DATA LISTING:

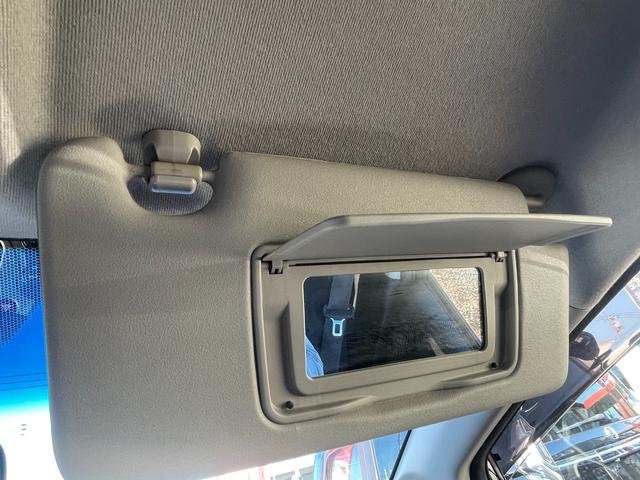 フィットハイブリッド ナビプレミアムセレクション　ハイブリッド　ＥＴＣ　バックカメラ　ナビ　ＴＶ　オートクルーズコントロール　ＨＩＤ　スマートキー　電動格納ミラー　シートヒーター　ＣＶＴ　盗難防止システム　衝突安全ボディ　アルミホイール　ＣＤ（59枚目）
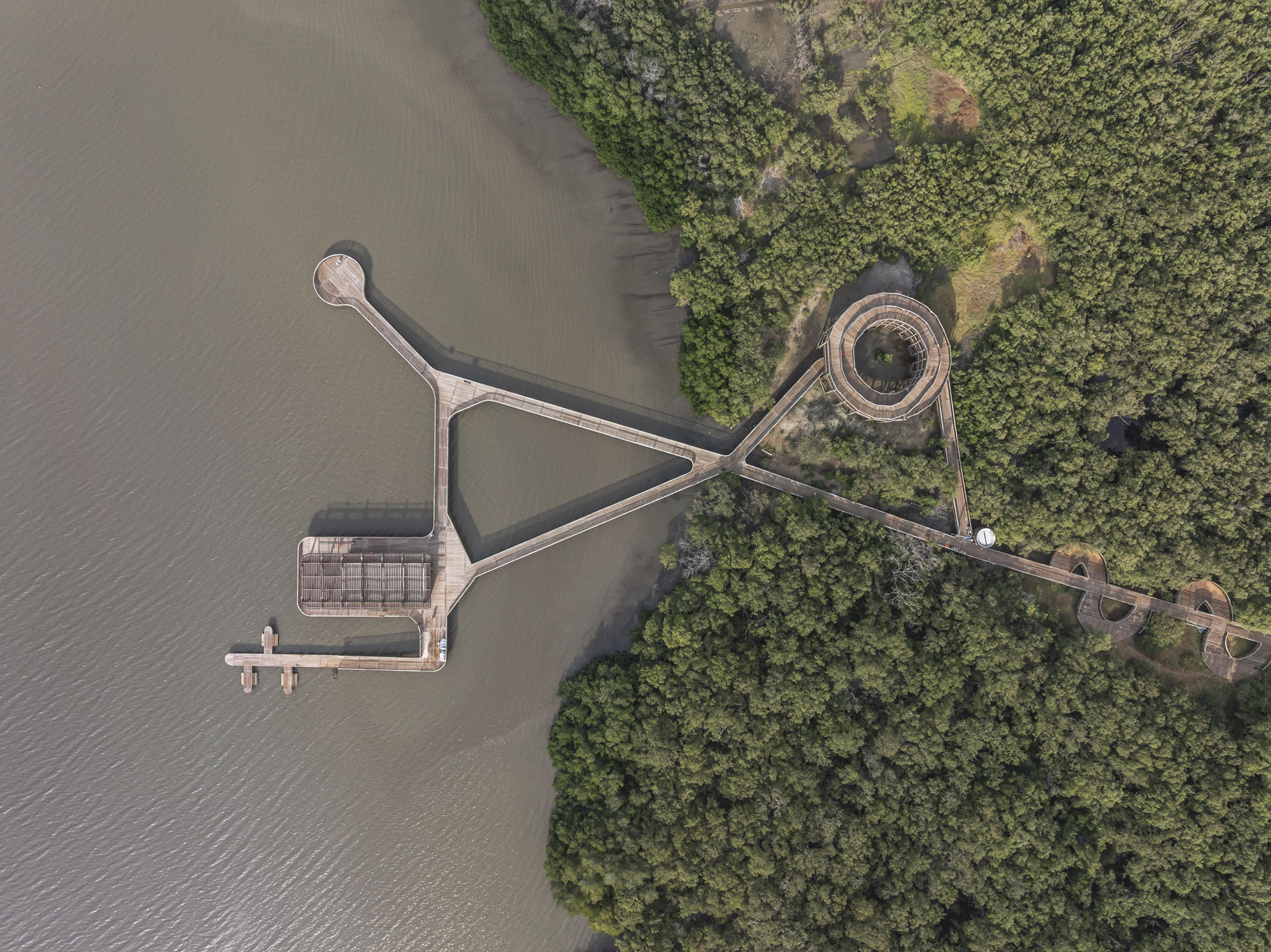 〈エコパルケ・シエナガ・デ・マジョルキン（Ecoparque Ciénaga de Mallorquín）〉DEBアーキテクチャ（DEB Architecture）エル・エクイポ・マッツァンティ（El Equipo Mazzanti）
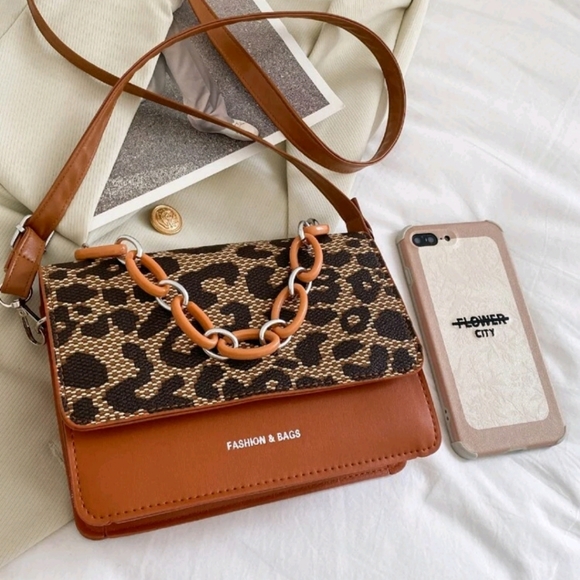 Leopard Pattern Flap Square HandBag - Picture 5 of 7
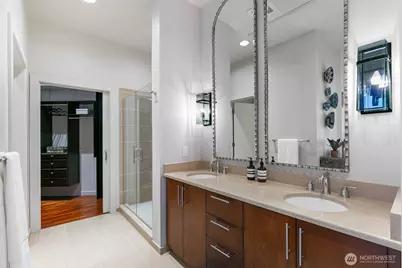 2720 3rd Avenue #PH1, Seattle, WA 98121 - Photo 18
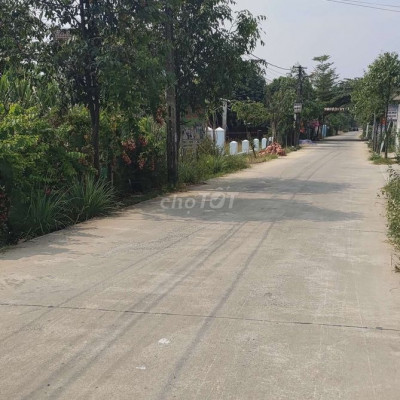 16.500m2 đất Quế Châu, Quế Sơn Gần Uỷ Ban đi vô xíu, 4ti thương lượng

TASK TO COMPLETE: Go through the listing and restate each line word for word, leaving out the pictures.

WRITTEN RESPONSE:
 フィットハイブリッド ナビプレミアムセレクション　ハイブリッド　ＥＴＣ　バックカメラ　ナビ　ＴＶ　オートクルーズコントロール　ＨＩＤ　スマートキー　電動格納ミラー　シートヒーター　ＣＶＴ　盗難防止システム　衝突安全ボディ　アルミホイール　ＣＤ（59枚目）
 〈エコパルケ・シエナガ・デ・マジョルキン（Ecoparque Ciénaga de Mallorquín）〉DEBアーキテクチャ（DEB Architecture）エル・エクイポ・マッツァンティ（El Equipo Mazzanti）
 Leopard Pattern Flap Square HandBag - Picture 5 of 7
 2720 3rd Avenue #PH1, Seattle, WA 98121 - Photo 18
 16.500m2 đất Quế Châu, Quế Sơn Gần Uỷ Ban đi vô xíu, 4ti thương lượng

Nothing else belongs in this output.